Samsung Electronics Co. is reportedly announcing its plan of building a new plant in the United States later this week. The announcement is said to take place during South Korea President Moon Jae-in’s visit to Washington for a two-day talk in the country.
On Monday, industry sources told Korea Herald that Samsung will make its plan of creating a new production facility in the U.S. public this week. “As Samsung’s plan to build a factory for home appliances is virtually fixed, it is likely the company will make it official when Moon is visiting the United States,” the sources said.
President Moon is leaving South Korea this Wednesday for his first meeting with a foreign leader since assuming the position last May. In the two-day talk this Thursday and Friday, the leaders of the countries are expected to tackle a number of outstanding issues. Likely to be there for the summit is Yoon Book-keun, who is the head of Samsung’s consumer electronics division.
Yoon is reportedly going to be present during the summit to make the investment announcement in the United States. However, a Samsung Electronics official — who spoke on condition of anonymity — has said, “The signing ceremony has not been finalized yet. Even if there is a ceremony, we need to consult with the government beforehand.”

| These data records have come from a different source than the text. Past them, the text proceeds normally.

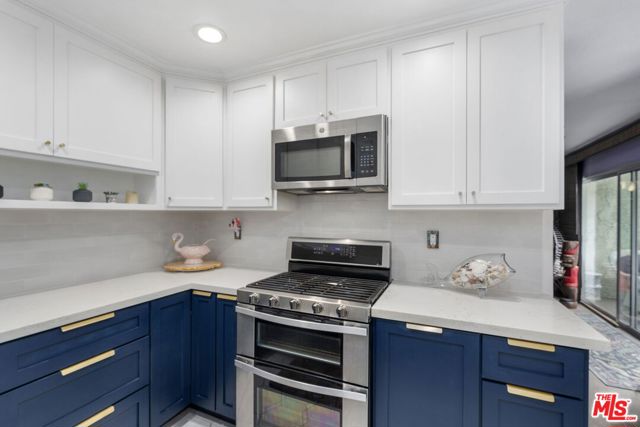 9061 Keith Avenue, West Hollywood CA: https://media.crmls.org/mediaz/663f79e1-b56b-4116-88b9-6154acfd957e.jpg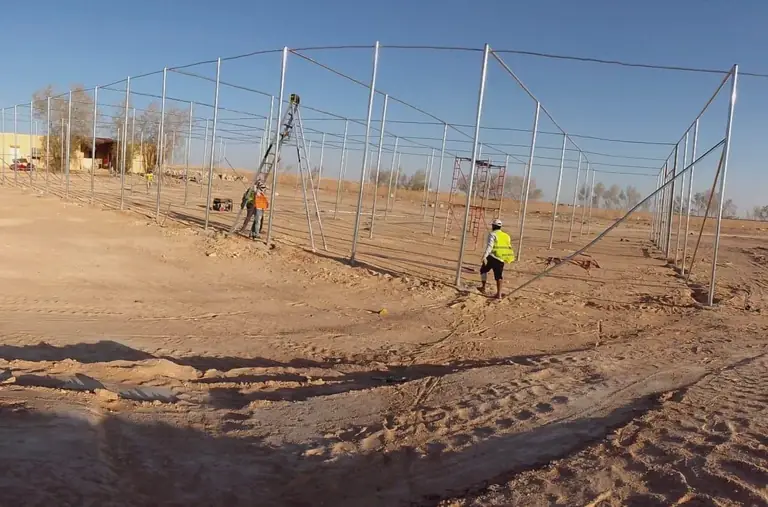 تنفيذ مظلات خارجية للمزارع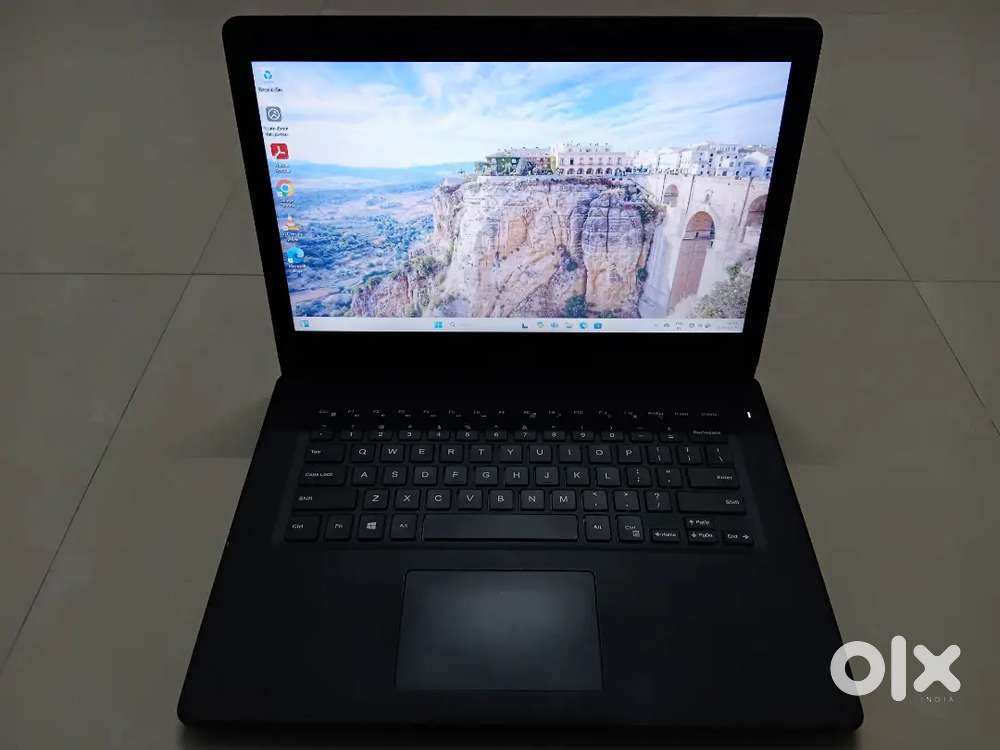 Dell Laptop i3,8th Gen,8GB RAM,250GB SSD,14 Display,Windows 11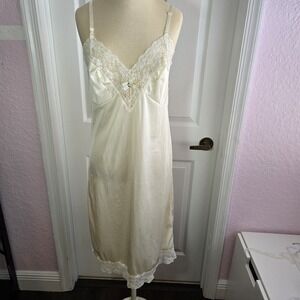 Sliperfection Vintage Cream Full Slip Nightgown‎ Nylon Lace Size 36 Lingerie USA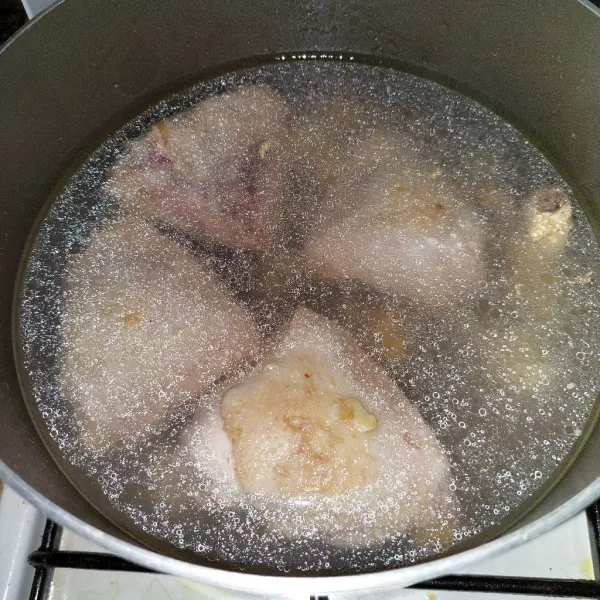 Tambahkan air, hingga menutupi ayam, masak dengan api kecil  supaya kaldu semakin keluar.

As per an earlier report made by the Wall Street Journal, Samsung is looking to build its new plant in Newberry, South Carolina. The facility is rumored to be used in the production of Samsung’s oven ranges that were previously made in Mexico. People familiar with the matter said that Samsung is already in late-stage discussions to invest $300 million for the expansion of its production facilities in the U.S.
Meanwhile, Samsung is currently rumored to be focused on making its Galaxy Note 8 phablet. As previously reported, famous leaker and Venture Beat reporter Evan Blass suggested late last week that the tech giant could unveil the Galaxy Note 7’s successor in late September instead of the rumored weekend dates in August.
This new update seems to be more plausible given that Samsung wants to prove its detractors that it can launch a premium Note-branded phablet despite the Note 7 fiasco. Previous reports claimed that the South Korean company could keep its August timeframe for the Note 8 like how it did with the past two Note installments.
Should Samsung push through with the September unveiling event for the Note 8, its new smartphone would be in direct competition with Apple’s highly anticipated iPhone 8. It remains to be seen whether this will be a bad move or a good move for Samsung.
Samsung’s Galaxy Note 8 is expected to feature a 6.3-inch display, Qualcomm’s Snapdragon 835 chipset, 6GB RAM and a 3,300mAh battery. The handset is said to come in black, blue and gold color options, and it is rumored to hit the market with a $1,100 price tag.
Samsung is said to be building a new production facility in the United States.